Captioned web images
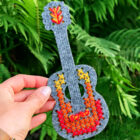 Žalių augalų fone rankoje laikoma pilnai išsiuvinėta pilko veltinio gitara su ryškiais geltonais, oranžiniais ir raudonais kryžminiais dygsniais korpuse.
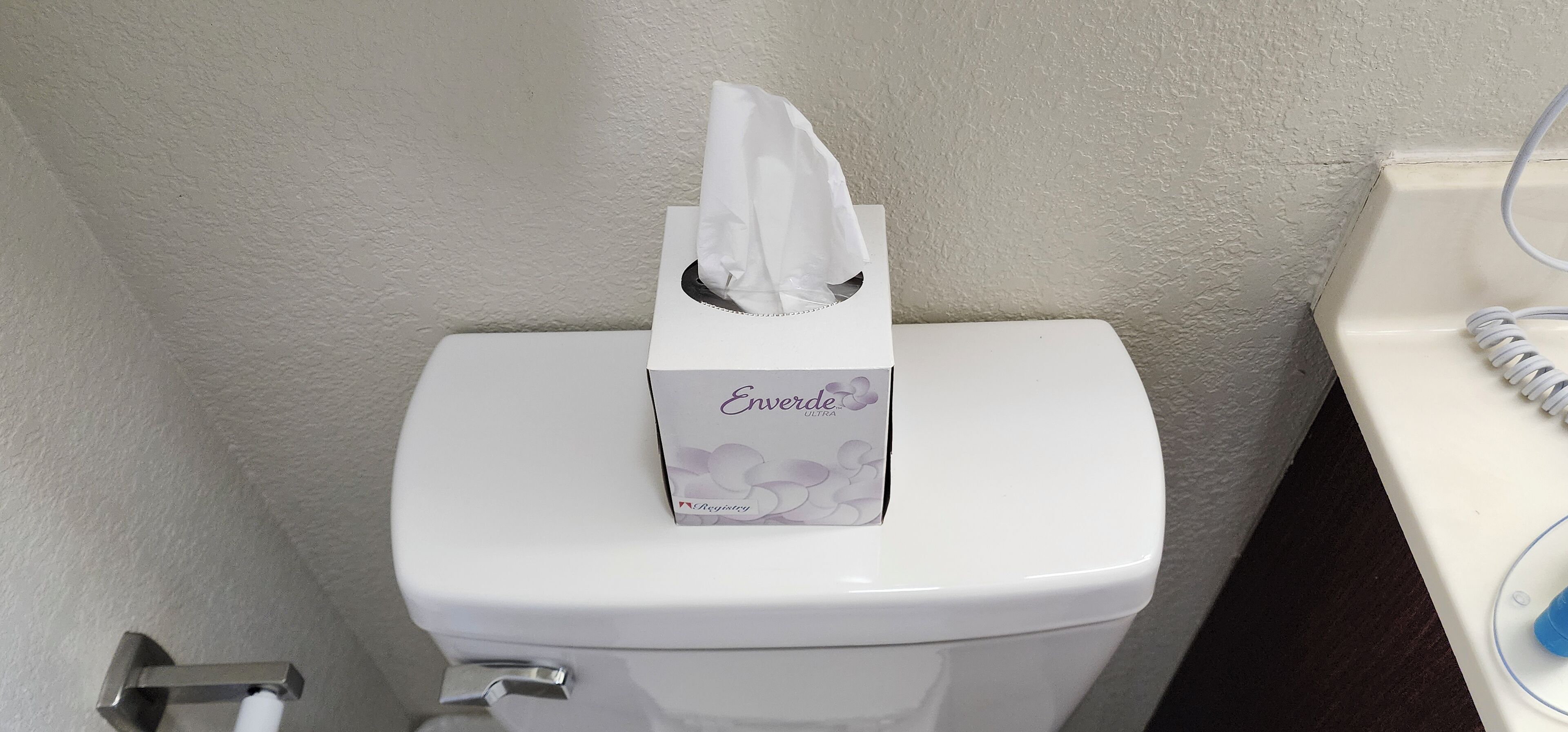 Un inodoro con una caja de pañuelos etiquetada como "Enverde Ultra" encima.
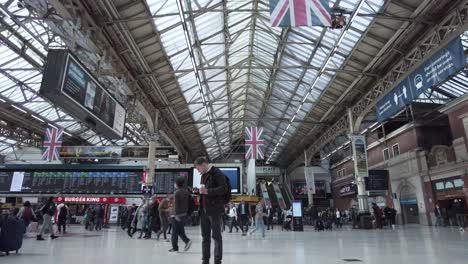 Inside-View-Looking-Up-Roof-Of-London-Victoria-Station-With-Commuters-Walking-Past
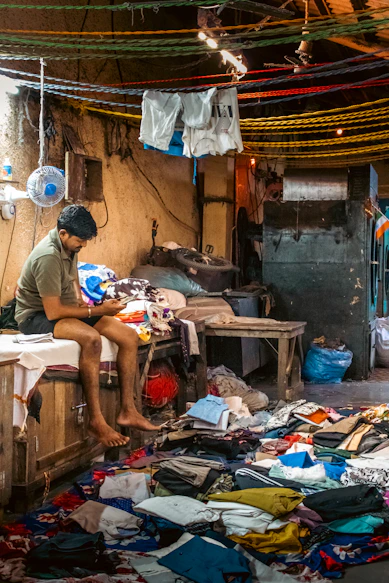 Man sitting amidst piles of clothes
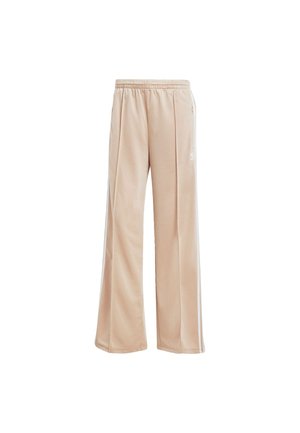 Beżowe dresy wykonane z gładkiego materiału, o luźnym kroju, z elastycznym pasem na sznurek i subtelnymi bocznymi paskami.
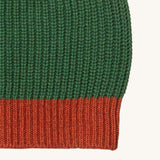 A close up of the Little Green Radicals knitted beanie in chive. Showing the thick red knit brim detail on organic cotton fabric
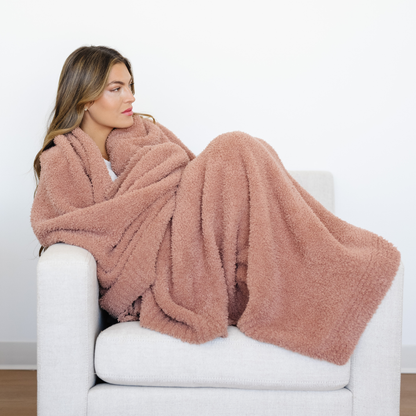 Woman sits on couch wrapped in a French Rose Bamboni XL blanket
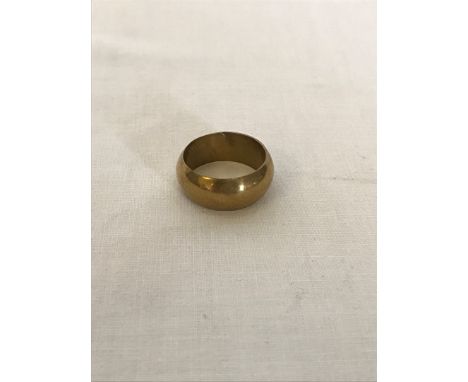 A gold coloured metal ring stamped to interior 750 18k with bulbous exterior.  Est £40-60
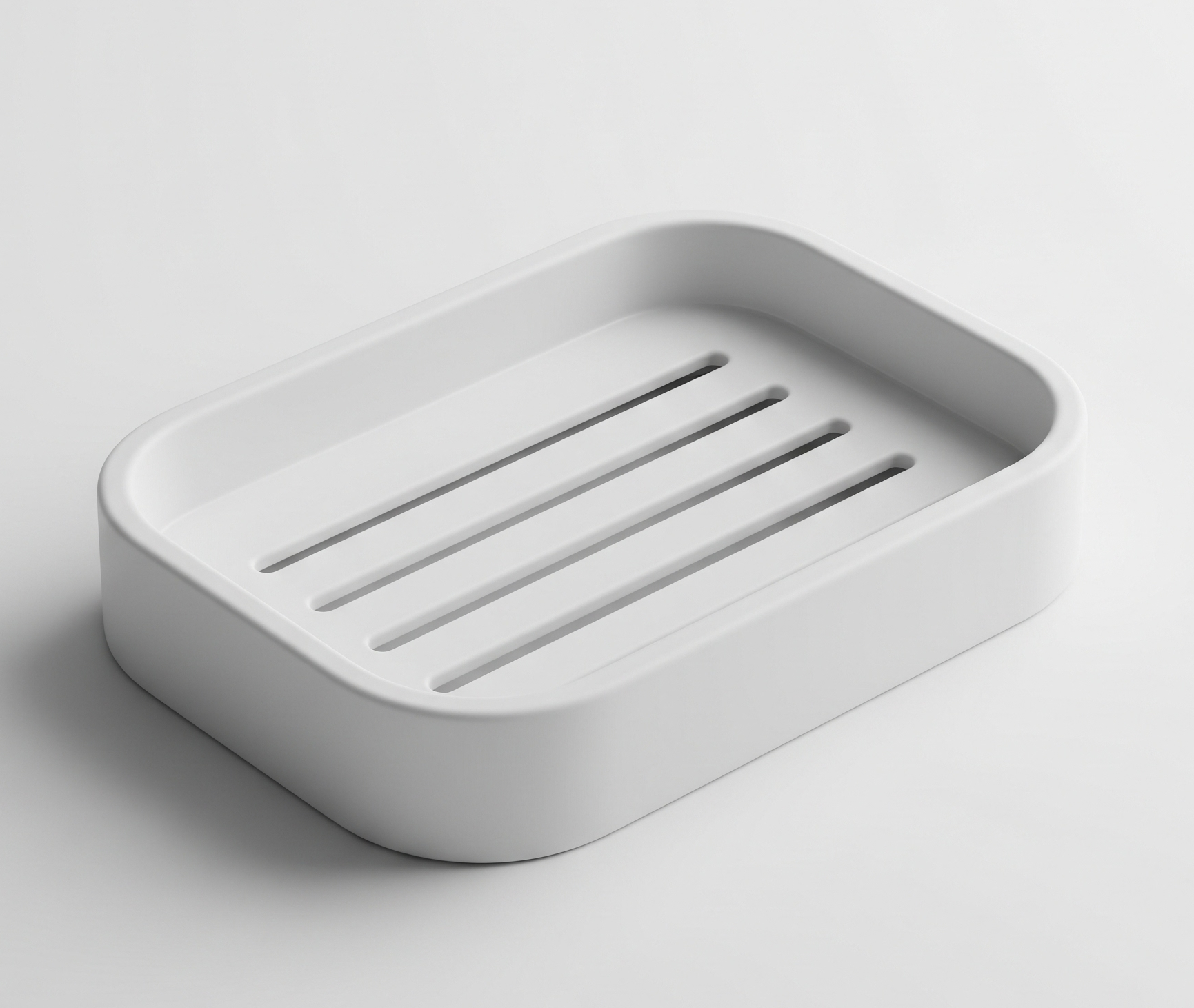 A close-up product photo of a simple white plastic soap dish with drainage slots and rounded corners, on a white background.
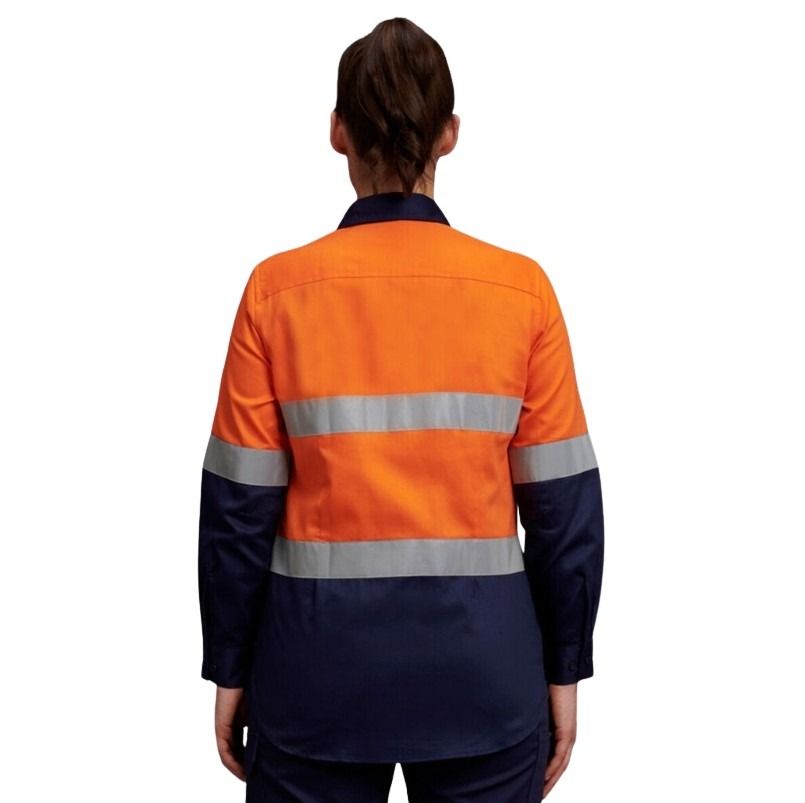 Person wearing an orange and navy high-visibility work shirt on a white background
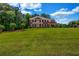 Beautiful two-story brick home featuring a spacious front yard with mature landscaping and classic architectural details at 125 Legacy Way, Oxford, GA 30054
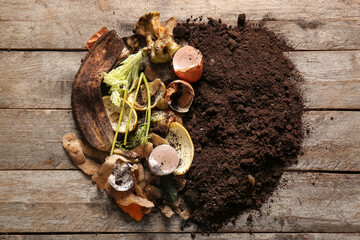 Organic waste and soil on wooden background. Compost recycling concept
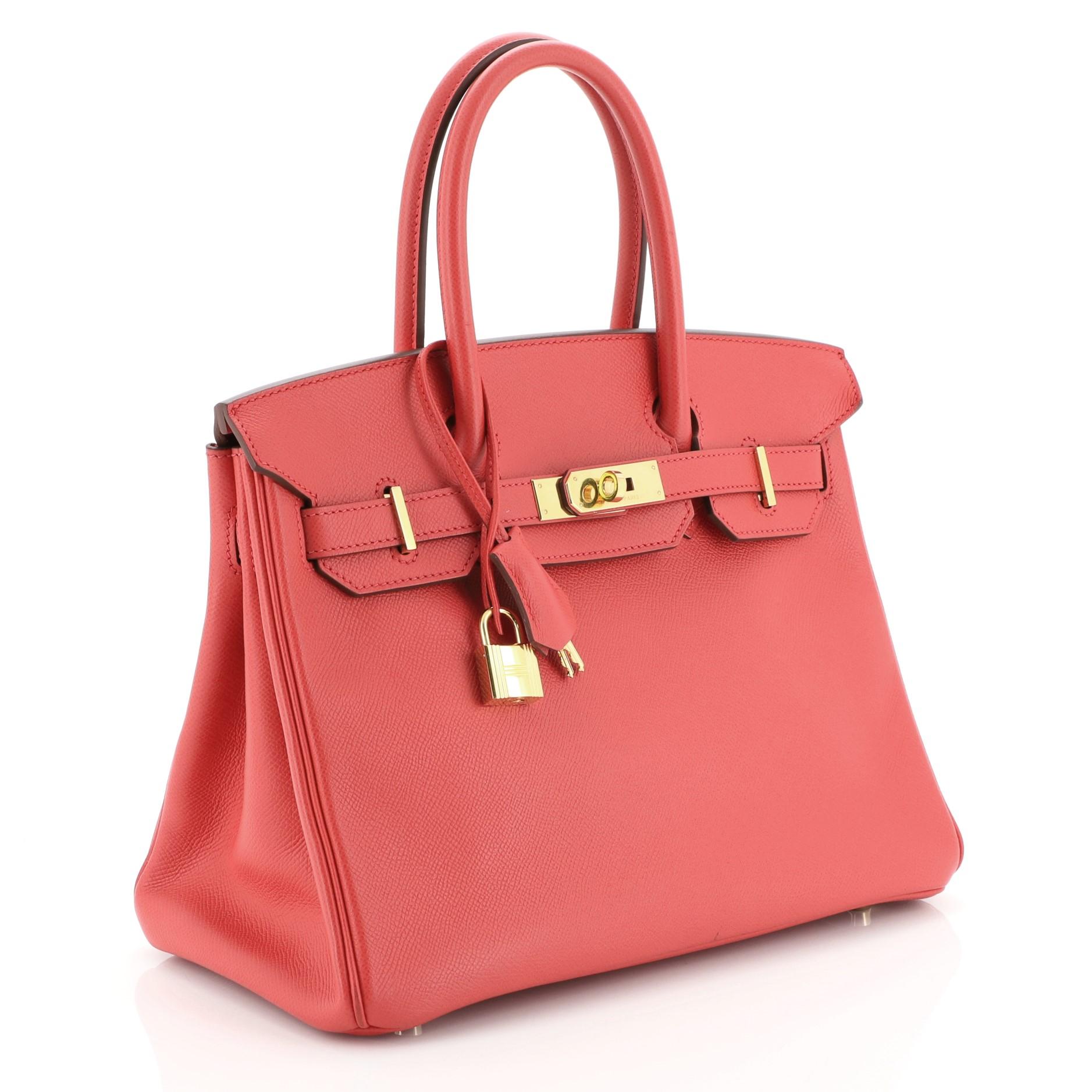 This Hermes Birkin Handbag Bougainvillea Epsom with Gold Hardware 30, crafted in Bougainvillea red Epsom leather, features dual rolled handles, frontal flap, and gold hardware. Its turn-lock closure opens to a Bougainvillea red Chevre leather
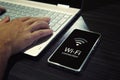 Close up of male hands typing on laptop keypad and checking the smartphone wi-fi connection. Cellphone with signal icon Royalty Free Stock Photo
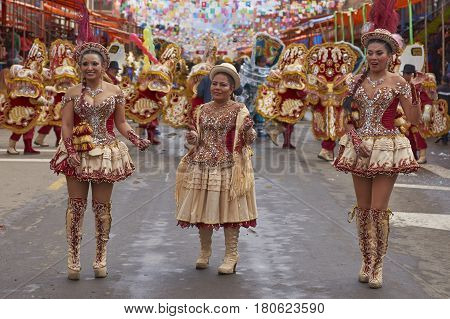 ORURO, BOLIVIA - FEBRUARY 26, 2017: Morenada dance group in colourful outfits parading through the mining city of Oruro on the Altiplano of Bolivia during the annual Oruro Carnival.
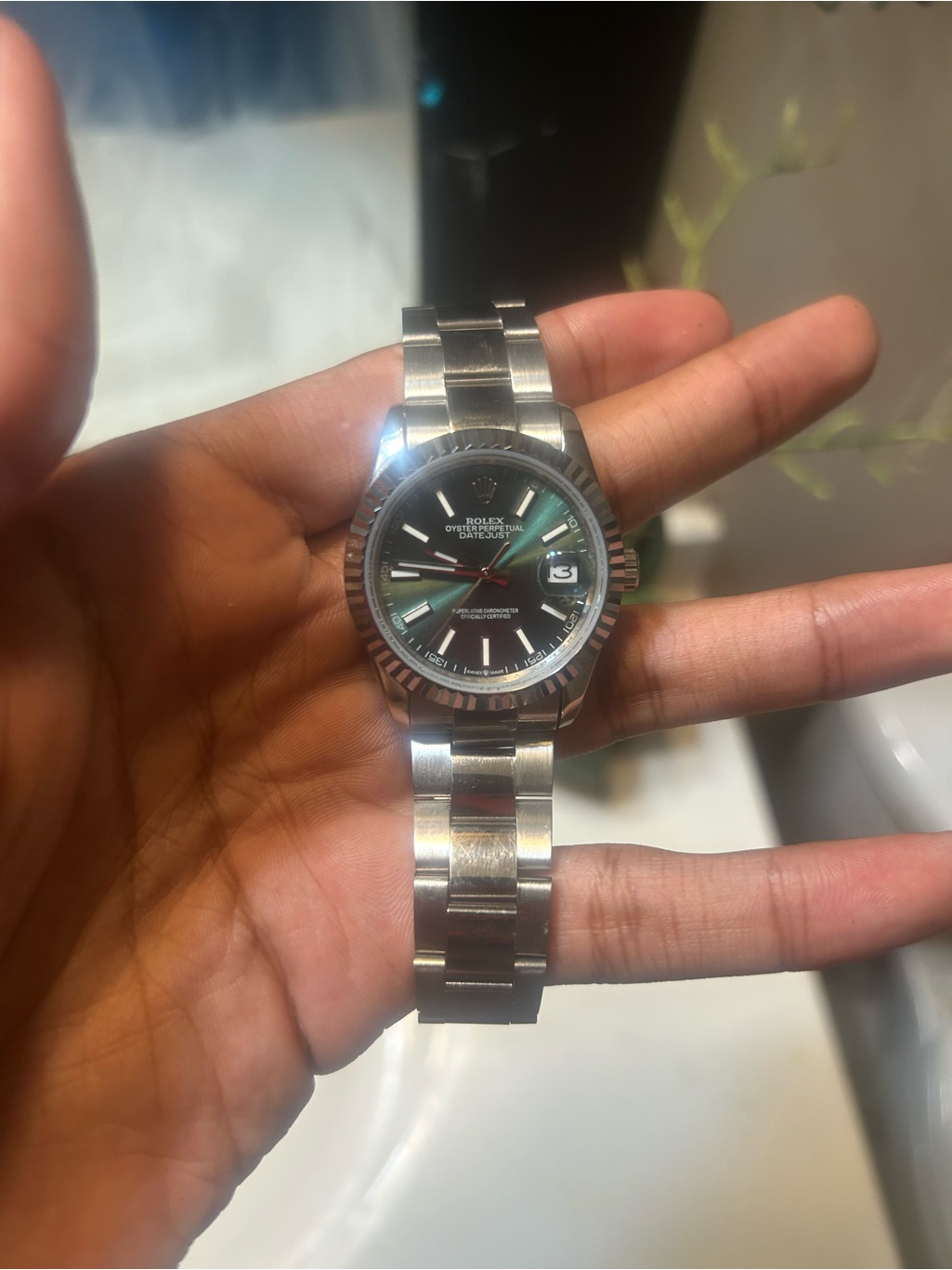 Rolex Stainless Steel Watch With Black Dial And Silver Bracelet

Instructions to follow ▸
Apart from the images, every line above needs to be printed again exactly.

Solution to this task ▸
 Žalių augalų fone rankoje laikoma pilnai išsiuvinėta pilko veltinio gitara su ryškiais geltonais, oranžiniais ir raudonais kryžminiais dygsniais korpuse.
 Un inodoro con una caja de pañuelos etiquetada como "Enverde Ultra" encima.
 Inside-View-Looking-Up-Roof-Of-London-Victoria-Station-With-Commuters-Walking-Past
 Man sitting amidst piles of clothes
 Beżowe dresy wykonane z gładkiego materiału, o luźnym kroju, z elastycznym pasem na sznurek i subtelnymi bocznymi paskami.
 A close up of the Little Green Radicals knitted beanie in chive. Showing the thick red knit brim detail on organic cotton fabric
 Woman sits on couch wrapped in a French Rose Bamboni XL blanket
 A gold coloured metal ring stamped to interior 750 18k with bulbous exterior.  Est £40-60
 A close-up product photo of a simple white plastic soap dish with drainage slots and rounded corners, on a white background.
 Person wearing an orange and navy high-visibility work shirt on a white background
 Beautiful two-story brick home featuring a spacious front yard with mature landscaping and classic architectural details at 125 Legacy Way, Oxford, GA 30054
 Organic waste and soil on wooden background. Compost recycling concept
 This Hermes Birkin Handbag Bougainvillea Epsom with Gold Hardware 30, crafted in Bougainvillea red Epsom leather, features dual rolled handles, frontal flap, and gold hardware. Its turn-lock closure opens to a Bougainvillea red Chevre leather
 Close up of male hands typing on laptop keypad and checking the smartphone wi-fi connection. Cellphone with signal icon Royalty Free Stock Photo
 ORURO, BOLIVIA - FEBRUARY 26, 2017: Morenada dance group in colourful outfits parading through the mining city of Oruro on the Altiplano of Bolivia during the annual Oruro Carnival.
 Rolex Stainless Steel Watch With Black Dial And Silver Bracelet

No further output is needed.